■ **The task**
A full, word-for-word copy of the listing below is needed; leave the images out of it.

■ **Provided data**
══════
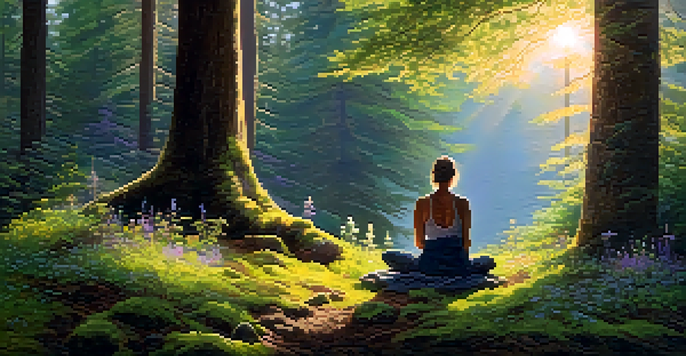 A person meditating in a tranquil forest, with sunlight filtering through the trees and colorful wildflowers in the foreground.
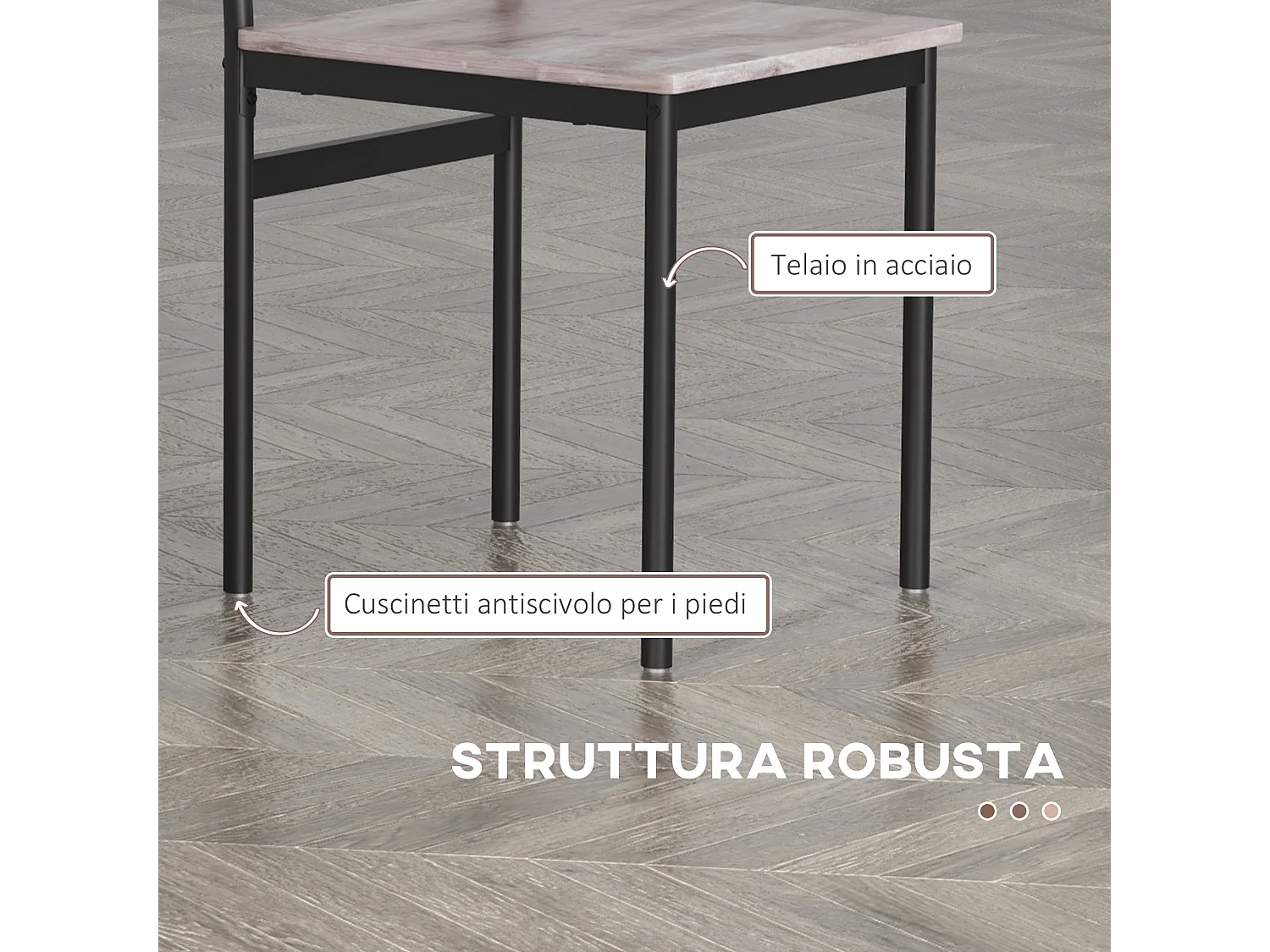 Set tavolo e sedie 5pz con tavolo rettangolare sedie moderne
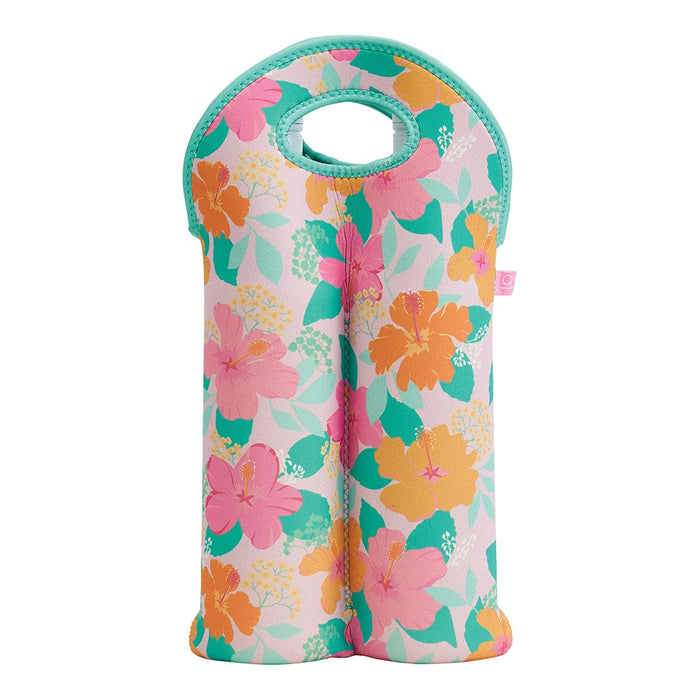 Double Wine Cooler Bag - Hibiscus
══════
■ **Answer to this exercise**
 A person meditating in a tranquil forest, with sunlight filtering through the trees and colorful wildflowers in the foreground.
 Set tavolo e sedie 5pz con tavolo rettangolare sedie moderne
 Double Wine Cooler Bag - Hibiscus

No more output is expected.